Amleto
di CollettivO CineticO

concept, regia e voce:
Francesca Pennini

drammaturgia:
Angelo Pedroni
Francesca Pennini

azione e creazione:
Carmine Parise
Angelo Pedroni
Stefano Sardi

azione e recitazione:
4 candidati in competizione per il ruolo di Amleto

consulenza tecnica e programmazione applausometro:
Simone Arganini
Roberto Rettura

co-produzione:
CollettivO CineticO
Teatro Franco Parenti, Milano

residenza stabile:
Teatro Comunale di Ferrara

durata 60′

L’Amleto di CollettivO CineticO é un meccanismo letale.
La scena é spazio preparato ad ospitare aleatorietà e inevitabilità in un limbo costante tra ironia e tragedia.
Attori professionisti, dilettanti, malcapitati, timidi intellettuali, registi, parrucchieri, esibizionisti, danzatori, assicuratori annoiati, sostituti dell’ultimo minuto, critici, virtuosi e sfigati si contendono il titolo di protagonista dello spettacolo.
Reali candidati che non sanno quello che li aspetterà in scena. Il loro unico riferimento è un manuale di istruzioni inviatogli due settimane prima. Ciascuno si prepara da solo e si presenta a teatro direttamente per salire sul palcoscenico.
Guidati da una incorporea voce fuori campo e seguiti da secondini muti, i candidati si sfidano in una serie di prove che sintetizzano i principi formali dell’opera shakespeariana.
Lasciati in balia di un’istruzione e nell’impossibilità di controllare fenomeni e competenze, precipitano tutti nella condizione amletica per eccellenza.
Tra desolazione e intrattenimento sono gli spettatori di ciascuna replica ad eleggere il vincitore del titolo, unico superstite tra i corpi e i resti dei suoi avversari abbandonati al suolo.
Un panorama improbabile di Amleti tra gli innumerevoli interpreti che si sono confrontati per secoli con il più emblematico testo teatrale.

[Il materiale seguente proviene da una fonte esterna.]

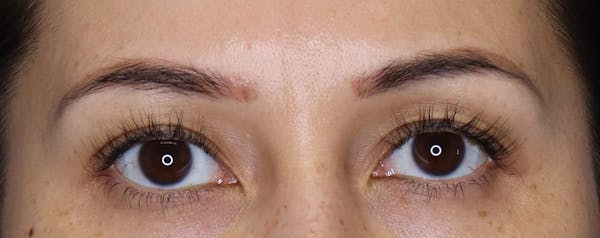 Upper Blepharoplasty Before & After Gallery - Patient 5158180 - Image 1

” […] Un testo drammaturgicamente perfetto, brillante, intelligente, godibile dal primo all’ultimo minuto, sul quale il lavoro di Angelo Pedroni e la stessa Pennini si mostra in tutto il suo splendore teatrale. La scena è nuda, abitata unicamente dai personaggi che si muovono nello spazio buio fra battute e indicazioni d’azione “fisica”, regalando agli spettatori un’ora di risate geniali. Perfetto incastro coreografico, assolutamente originale, che rispecchia lo studio del movimento portato avanti da anni dalla Pennini, coreografa è il caso di dire DOC, che riesce laddove troppi continuano a fallire: declinare Shakespeare in maniera interessante.”

[ Fabiana Dantinelli – Fermata Spettacolo – 09/12/2014 ]

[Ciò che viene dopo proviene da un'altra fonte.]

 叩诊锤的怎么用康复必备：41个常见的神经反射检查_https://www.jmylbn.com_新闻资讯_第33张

” Cala il sipario ma il pubblico è ancora lì, inchiodato alle poltrone. Aspetta. Sotto le note saettanti e taglienti di Dmitri Shostakovich, si sentono ancora i tonfi dei piedi, scalzi e feroci, degli attori che corrono sul palco…“tum-tum-tum”. CollettivO CineticO con l’opera Amleto ha colpito nel segno: è riuscita a riformulare i ruoli, trasformando lo spettatore nel protagonista della tragedia shakespeariana. A fare da regina sul palco è la coreografia. Ogni scena è movimento, è un susseguirsi di danze vorticose di tre ballerini professionisti a torso nudo e piedi scalzi, stretti da elastici acceleratori che li costringono a correre incessantemente l’uno dietro all’altro, non si sa perché. L’atmosfera, per lo più tesa, è interrotta da momenti di ironia e ilarità. Determinante è la forte gestualità del corpo seminudo di tre danzatori (Carmine Parise; Angelo Pedroni, Stefano Sardi) e dei quattro candidati al ruolo di Amleto, tutti, rigorosamente, con il volto coperto. […] ”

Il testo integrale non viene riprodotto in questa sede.